Comment Gavin et toi avez-vous envisagé l’équilibre entre les anciens morceaux d’archives – plus bruitistes – et les nouvelles compositions plus calmes et mélodiques ?

Il y a deux morceaux qui datent du début des années 1980. Ce sont les seuls qui me paraissaient exploitables : je n’en ai pas retrouvé d’autres qui soient vraiment intéressants. Ceux dont j’avais gardé des souvenirs vagues mais positifs se sont révélés, à la réécoute, pas si bons que cela finalement. Nous avons essayé de conserver une certaine continuité entre ces vieilles démos retravaillées et les éléments plus neufs en reprenant aussi certains éléments. Nous avons utilisé pas mal de claviers, de synthés et de boîtes à rythmes. Davantage en tous cas que nous ne l’aurions fait si nous avions dû composer une bande originale totalement indépendante de toute référence au passé ou un album normal des Pastels. Nous avons également demandé la permission aux acteurs d’utiliser leur voix pour certains passages afin d’obtenir un résultat plus fidèle à la performance scénique.

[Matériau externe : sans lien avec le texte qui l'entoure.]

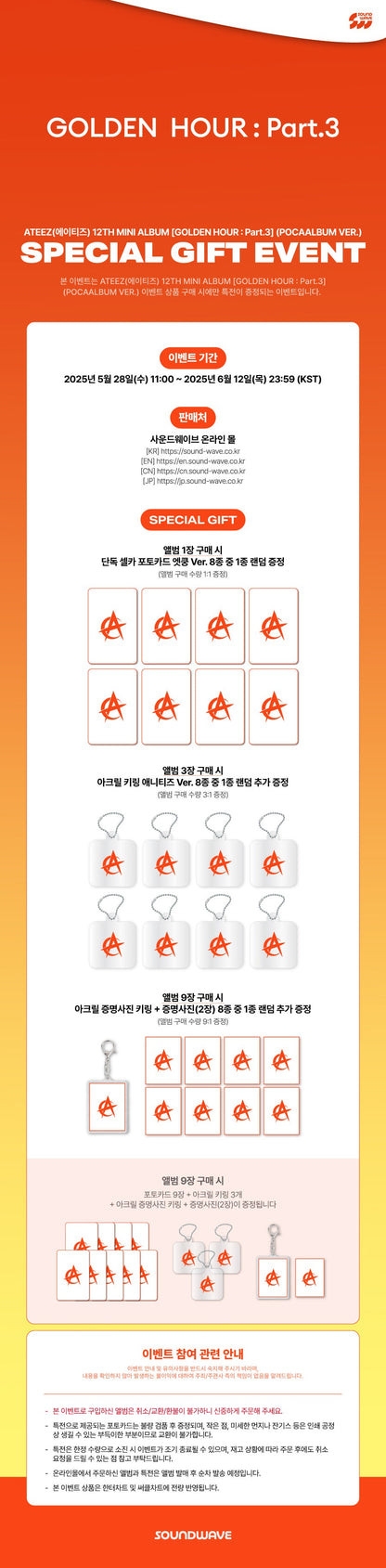 ATEEZ [GOLDEN HOUR : Part.3] (POCAALBUM VER.)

Cela nous a également permis de prolonger sur l’album une certaine continuité narrative.

Gavin Thomson & Stephen Pastel / Photo : Steven Gribbin
Gavin Thomson & Stephen Pastel / Photo : Steven Gribbin

J’imagine qu’il n’a pas été facile de restituer de façon cohérente, dans ces nouvelles compositions, l’honnêteté brutale et presque naïve qui caractérise des démos enregistrées il y a presque quarante ans.

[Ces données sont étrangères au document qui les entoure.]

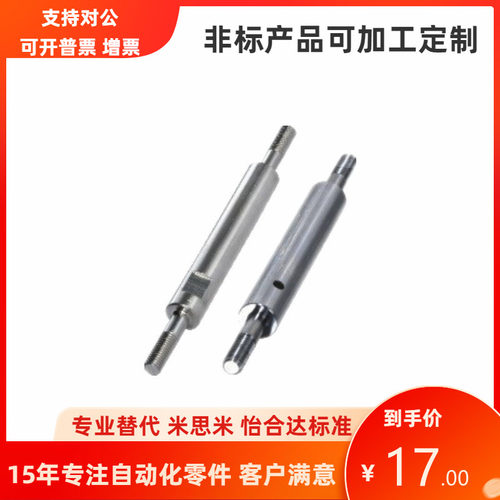 怡合达同尺寸两端外螺纹导向轴SEV01 02 SEW01 02带扳手槽传动轴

Oui, l’idée était surtout d’éviter de produire un album totalement schizophrénique. Quand nous avons enregistré ces cassettes, nous étions totalement naïfs et inexpérimentés. Nous n’avions même aucune idée précise de ce que nous voulions faire ni de comment nous pourrions le faire. En réécoutant ces bandes, j’étais même surpris d’y trouver quoi que ce soit d’utilisable ou de vaguement publiable. Heureusement qu’avec quarante ans d’expérience supplémentaires, nous sommes devenus un peu plus compétents même si nous ne ressemblerons jamais à Steely Dan ou The Blue Nile. Ceci-dit, il aurait de toutes façons été vain et un peu ridicule de chercher à reproduire à l’identique ce type d’énergie très brute et très juvénile. Je crois profondément que chaque morceau de musique doit avant tout refléter un moment particulier dans la vie d’un groupe ou d’un artiste, qu’il est d’autant plus réussi qu’il est sincèrement associé à l’expérience présente. C’est souvent pour cette raison que certains groupes de rock me semblent moins pertinents à la quarantaine ou à la cinquantaine que lorsqu’ils étaient plus jeunes. A certains égards, je considère que j’ai toujours conservé une certaine forme de naïveté dans mon approche de la musique, mais elle n’est pas exactement du même ordre. Nous n’avons pas cherché à jouer plus mal que d’habitude pour imiter ce que nous étions à l’adolescence. Gavin est un musicien plus techniquement accompli que moi et je crois qu’il aurait aimé rectifier quelques parties de cuivres qui sont presque un peu fausses. Nous y avons renoncé, après en avoir discuté, pour préserver cette cohérence d’ensemble avec l’esprit des débuts.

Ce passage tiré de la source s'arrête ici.